Craig Dowd
What more does Luke Braid have to do?
Craig Dowd
June 4, 2014
Luke Braid has been in fine form with the Blues © Getty Images

Just over a month ago when discussing the Benji Marshall saga, and the whole road block his inclusion in the Blues in 2014 had created, I said that Lolagi Visinia and Ihaia West were two players who had suffered. They both showed against the Hurricanes on Saturday night that they should have been included right from day one of the Super Rugby season. I was really pleased to see them both play instrumental parts in a great performance against the Hurricanes. How good were the Blues at home?

Blues 37-24 Hurricanes (Australia only)

I did not expect the game to be so one-sided in the Blues' favour. I was expecting more from the Hurricanes. It appeared they got blown off their course by the penalty try that was awarded, and they suffered with the Blues running in another try when the offender was sin-binned. But take nothing away from the Blues; they went out and were as ruthless as they have been all season at home. God only knows why this cannot be taken on the road.

And you would have to ask if Luke Braid is the forgotten man of New Zealand rugby. You look around the scene and say, yes, Richie McCaw is a leader and he has some campaigners behind him. Sam Cane appears to be the anointed one, but he is now out for the series against England and Matt Todd is next in line. I just scratch my head: what more does he have to do to be included in that mix?

I guess the selectors know the players they took into the camp environment, and they will revert to the players they know, but I feel sorry for a player like Braid who just seems to have slipped through the cracks in the system.
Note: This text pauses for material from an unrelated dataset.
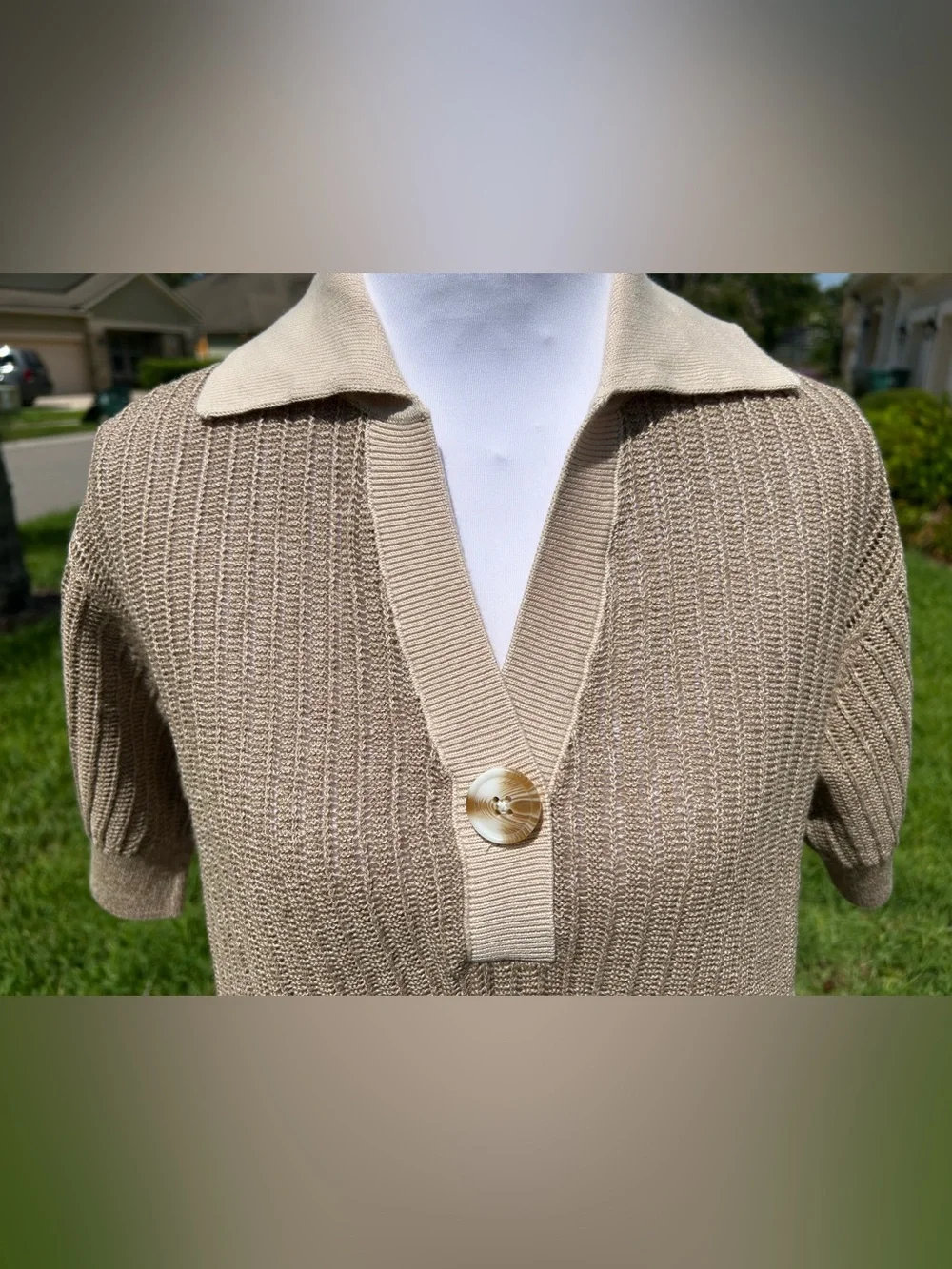 NWT🌷Varley Perrine Taupe Knit Polo V-Neck Short Sleeve Sweater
He's there, he's good, but for whatever reason he is never thrown out there in the selection mix.

Crusaders 30-7 Force (Australia only)

As for the Crusaders, you have to say they are playing with the consistency expected of them at the business end of the season without hitting their straps as well as they can. I was pleased to see their penalty tries awarded against Western Force.

One was from a scrum, and quite clearly the dominant scrum got the reward. That's what needs to happen. If you are going forward and you have got the correct binding then all rights should lie with the dominant scrum. Too often we see the team with the dominant scrum getting penalised.

The penalty try for the collapsed maul was fair enough, too. If your maul is moving forward, there's not much that is going to stop you apart from your opponent infringing - which should result in a penalty try.

The penalty try in the Blues game was interesting. Matt Proctor's hand was definitely facing up as he tried to recover the ball but I think from the referee's angle he saw enough in his own mind that he was going to punish him.